There was the Year of the Fire (and shouldn’t every Thanksgiving story have one?) when a friend turned the marshmallows on top of the sweet potato casserole into a mini-inferno in my blast furnace of an oven. There was a great deal of screaming. Flames shot out. Pictures were taken.  It was twenty times better than anything Norman Rockwell ever dreamed up. There was the Year of the Couch, when we’d gotten a new one delivered and wouldn’t serve anyone so much as a celery stick until they manned up and moved the old sofa to the garage. The party line that year was:  It’ll build up your appetite.

It was a regular little tradition there for a while, Debbie and I and our cooking escapades, and a good one. She’d arrive with clippings and printouts and tips that her close personal friends from the Food Network had shared with her (at least that was the impression I’d get, listening to her talk about Sarah and Ina like they were all sorority sisters). We’d usually strategize at least one folly-ridden new item for the menu -- a dish that used every pot in the kitchen, took hours to make, and ended up tasting like something straight from the can.

Every Thanksgiving has a little twist. Hers, this year, was that she had somehow developed the delusion that she lived in Kansas City, so she invited twelve people over for dinner to her Upper West Side apartment.
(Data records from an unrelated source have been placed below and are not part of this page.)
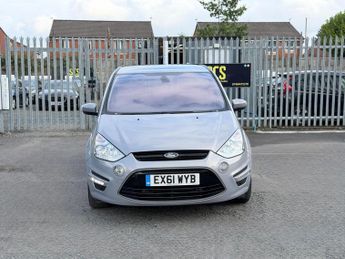 Ford S-Max 2.0 TDCi Titanium Euro 5 5dr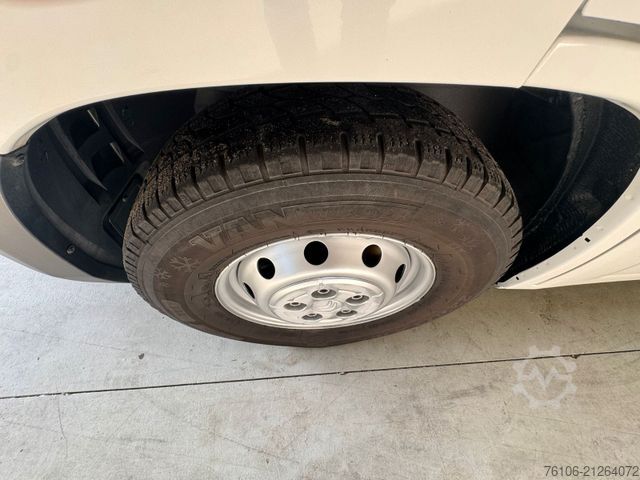 Refrigerator body van CITROEN Jumper Tiefkühlkoffer Carrier Xarios 350 *Klima*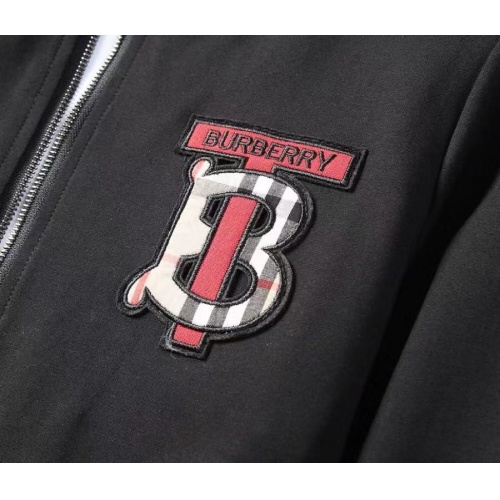 Replica Burberry Tracksuits Long Sleeved For Men #789389 $98.00 USD for Wholesale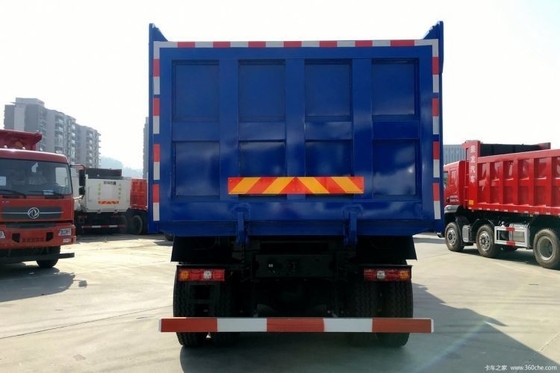 360° Achtercamera 23 Hot Boutique Gebruikt 0 Km Shacman Delon X3000 400 pk 8X4 8,8m Dump Trucks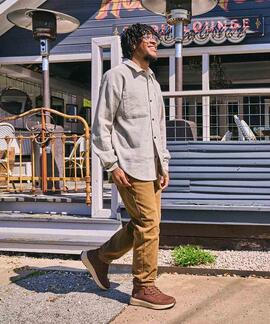 BOTAS TAHOE CLASSIC BROWN
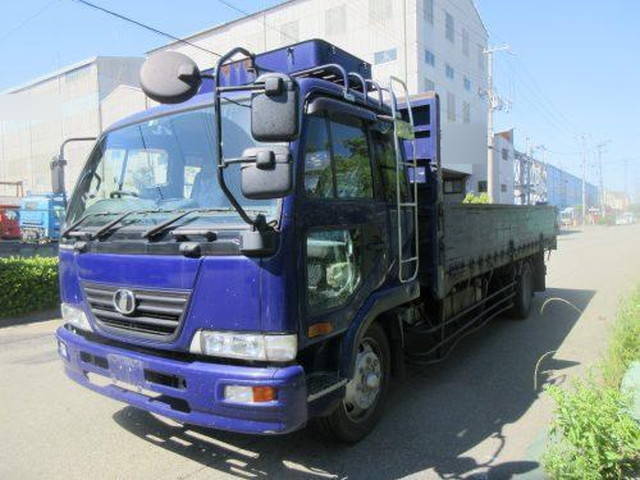 NISSAN Condor Scrap Transport Truck PK-PK37A 2005 388,000km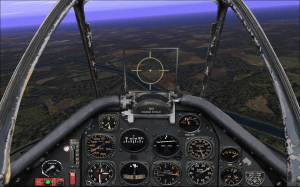 Microsoft Combat Flight Simulator: WWII Europe Series 3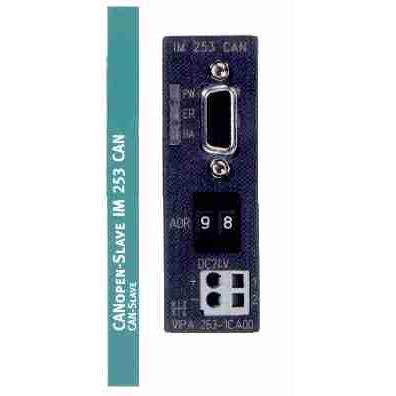 253-1CA01 IM 253 CAN CAN-Bus-slave Coupler议价$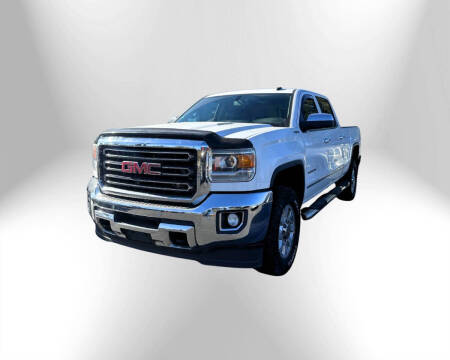 2015 GMC Sierra 2500HD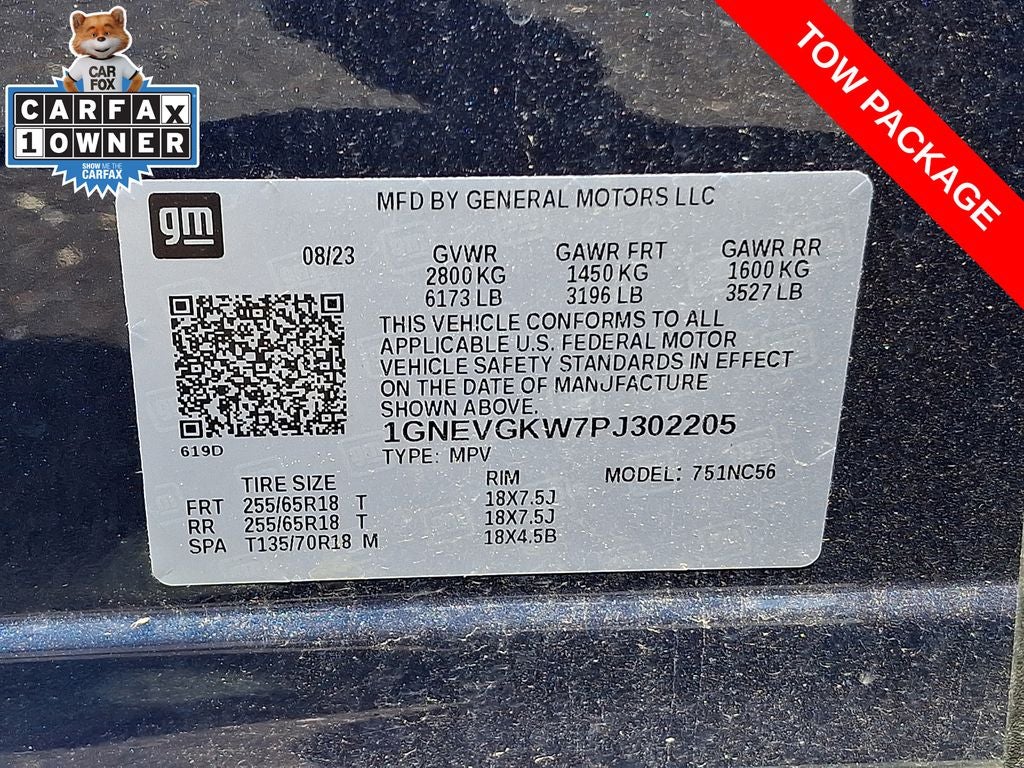2023 Chevrolet Traverse LT 1LT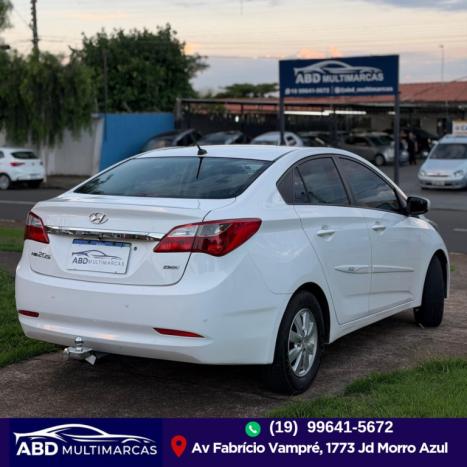 HYUNDAI HB 20 Sedan 1.0 12V 4P FLEX COMFORT PLUS, Foto 6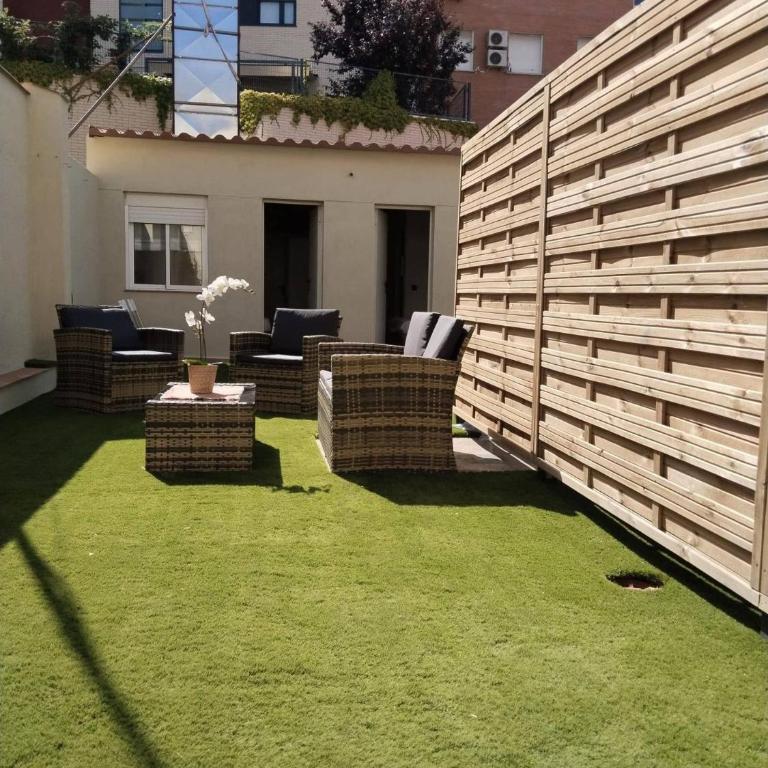 Apartment Garden 3 Bedrooms 3 Bathrooms - Apartamento - 17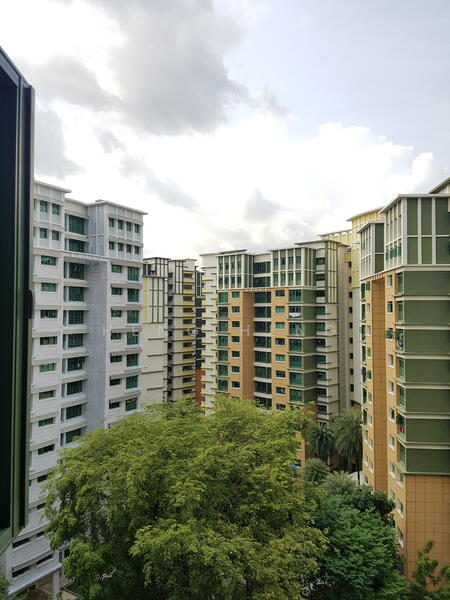 686B Woodlands Drive 73, 686B Woodlands Drive 73, 3 Bedrooms, 1,185 sqft, HDB Flat For Rent, by Heng Heng, 20828394 - View from the living hall & all the rooms - PropertyGuru.com.sg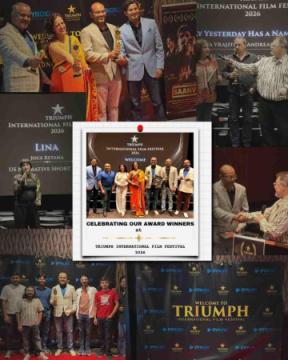 A GRAND CELEBRATION OF CINEMA!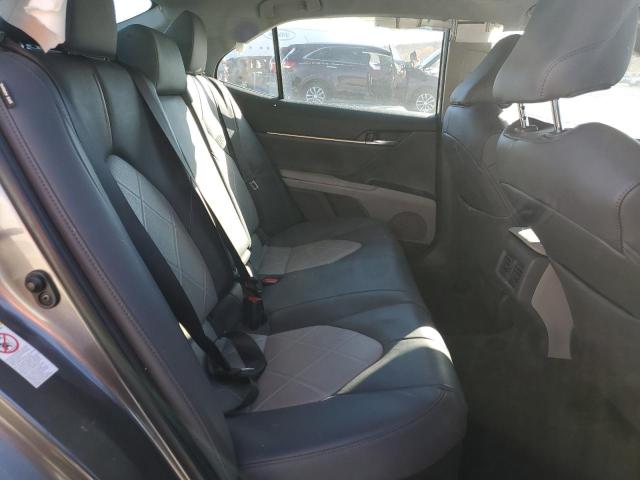 2019 TOYOTA CAMRY HYBR - 4T1B21HK2JU500472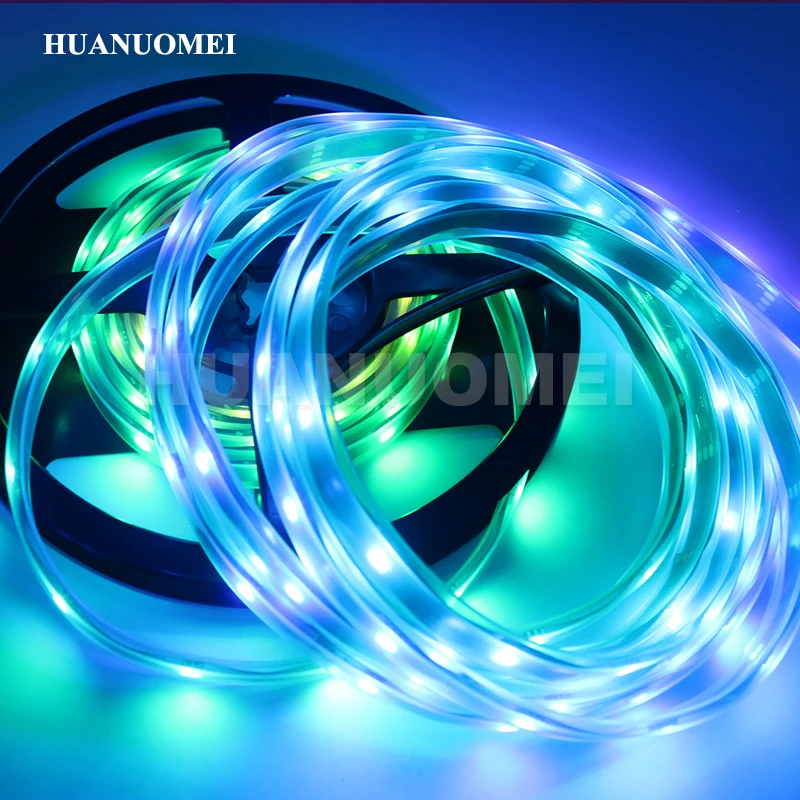 APA102-30LED-5V-BK-IP67-11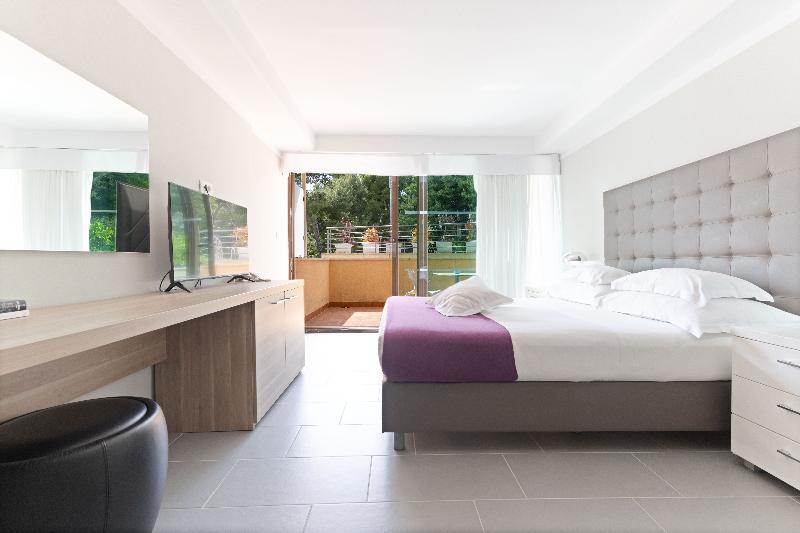 Garden, Studio, Single Bed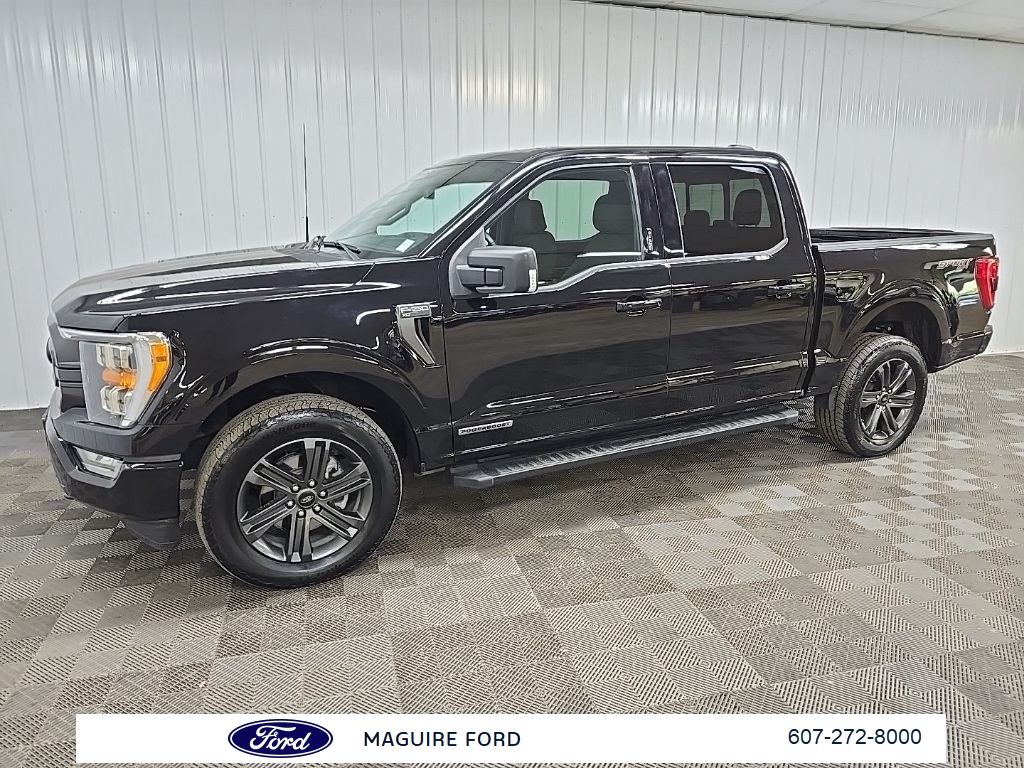 2023 Ford F-150 XLT photo 7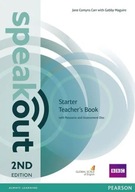 Speakout 2ed Starter Teacher's Guide with Resource & Assessment Disc Pack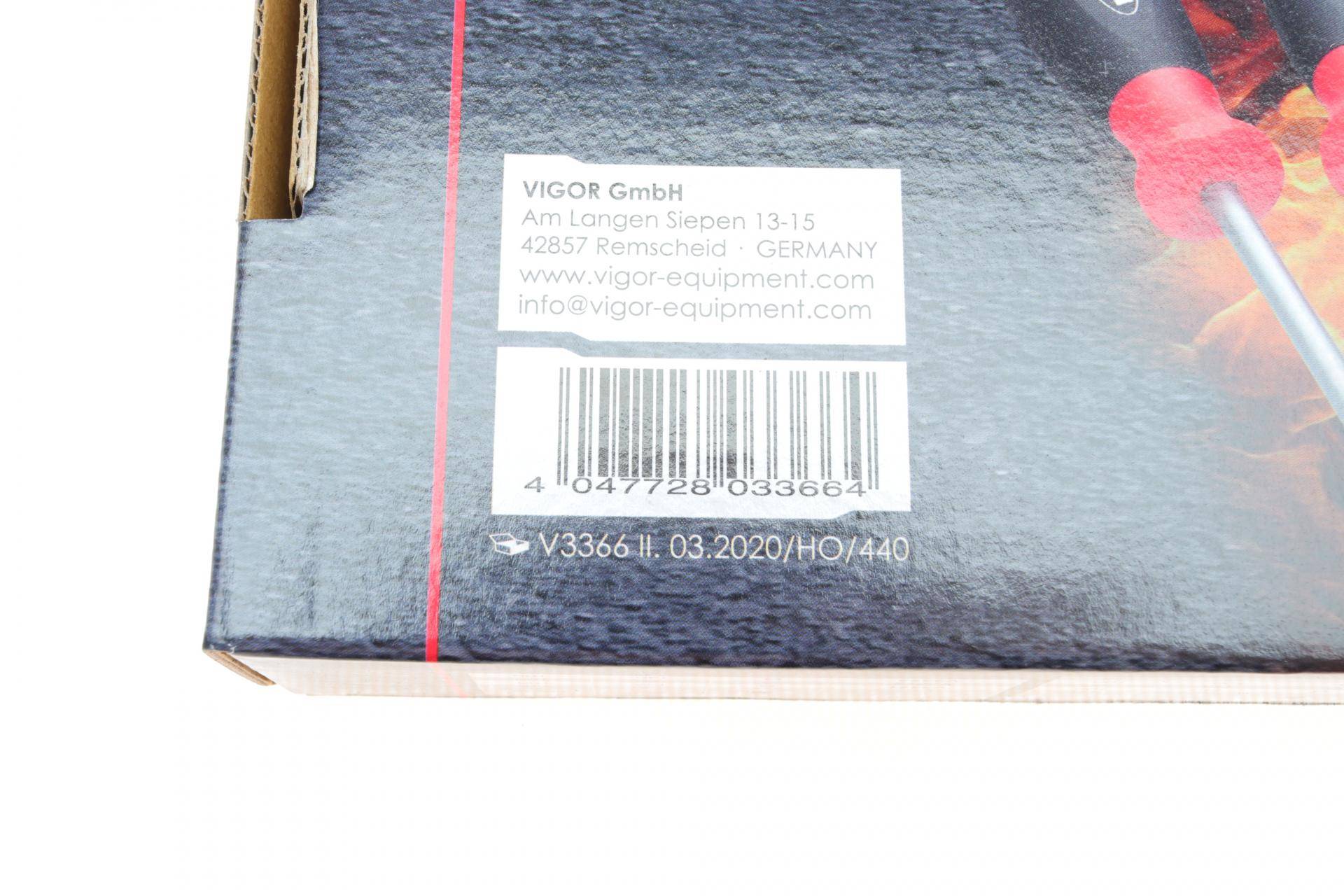 Набір викруток Torx 7 од.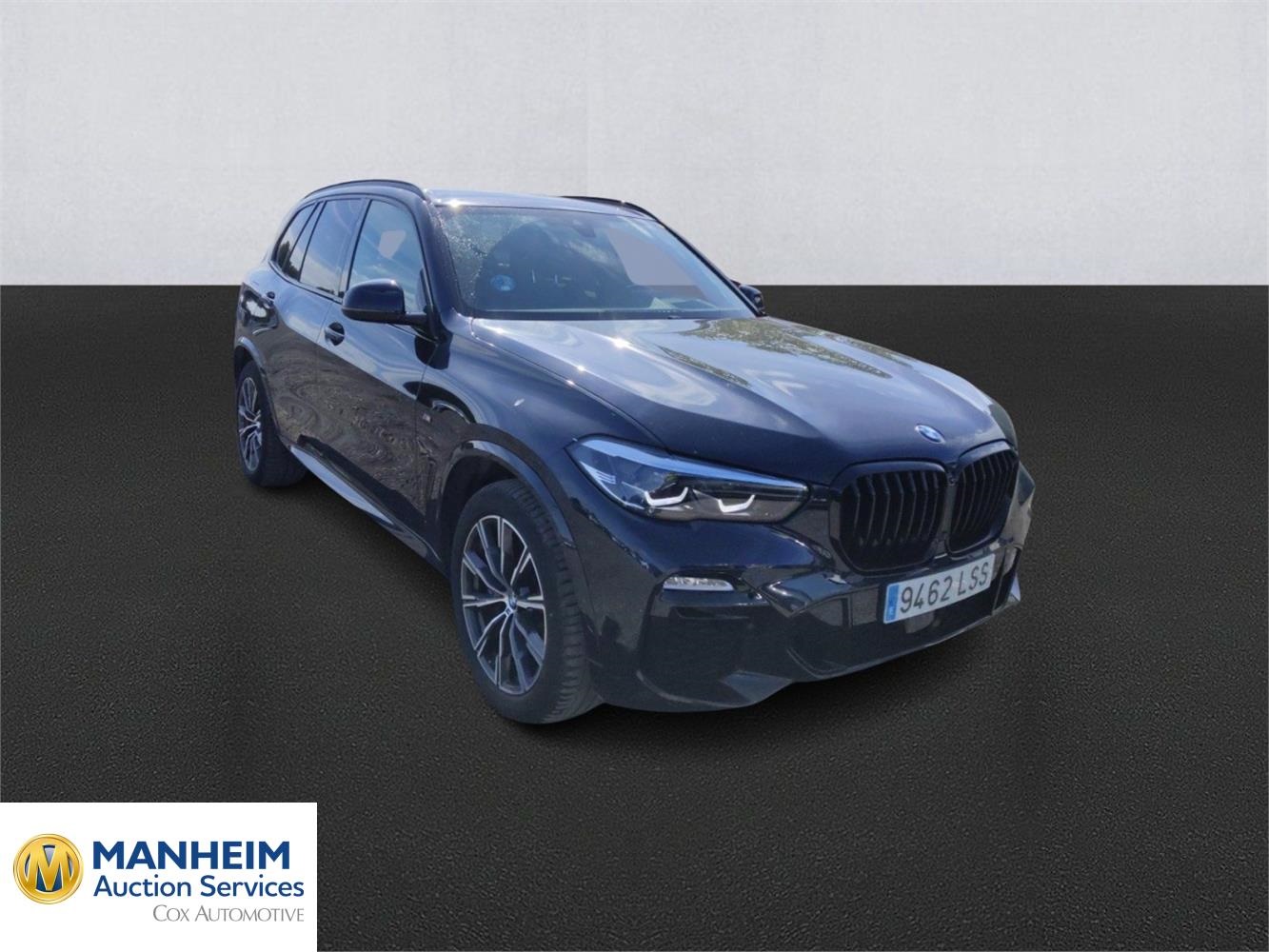 Foto BMW X5 3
I don’t know when it hit her that she truly wasn’t in Kansas anymore (I know there’s a dining room around her somewhere! I could just imagine her saying), but it might have been when the squeezed-in guests realized that there was not one single bit of space left to place the finished turkey when it emerged from the oven, nor was there anyone who felt comfortable carving it from the bathroom.

So, she over-reached, which is something we’ve both been known to do. Uncharacteristically, I under-reached this year, and I have to report that it felt good. We found a friend willing to take a party of six at their table (the basic issue family, exchange student from Rome, buddy college student from China), so I puttered around and made my one requested item: fluffy rolls that are the dream food of the inviting friend’s 17-year-old boy. I added a few bottles of sparkling cider for the kids, rustled up a champagne and cranberry cocktail for the grownups, and felt so guilty about my sloth that I threw together some garlic breadsticks on Thanksgiving morning, which the teens ate the moment I put them on the coffee table.

Debbie and I did our Saturday morning analysis and concluded that the only thing we’ve ever loved about this holiday was being together the day before, playing mad scientists in a kitchen. But we’re 1,197 miles away from each other now. She is an about-to-be adoptive mom for her foster son. There are, as they say, obstacles. “Honestly,” she sighed. “I think I’d be happy being a caterer, and just shipping it all off in boxes, because by the time the guests arrived I was sick of them, and they hadn’t even eaten yet.”

“But didn’t everyone like that new roasted banana and sweet potato thingy that Ina told you to make?” I nudged.  “Oh, I guess so,” she mused, and I could tell she'd already moved on.  “But I’m thinking about trying yams and jalepenos next year. Tyler Florent told me all about it.”

Value of 12 people having a Kansas City Thanksgiving in your Manhattan apartment:  $0.  Coming up with something even crazier to serve them 364 days from now: priceless.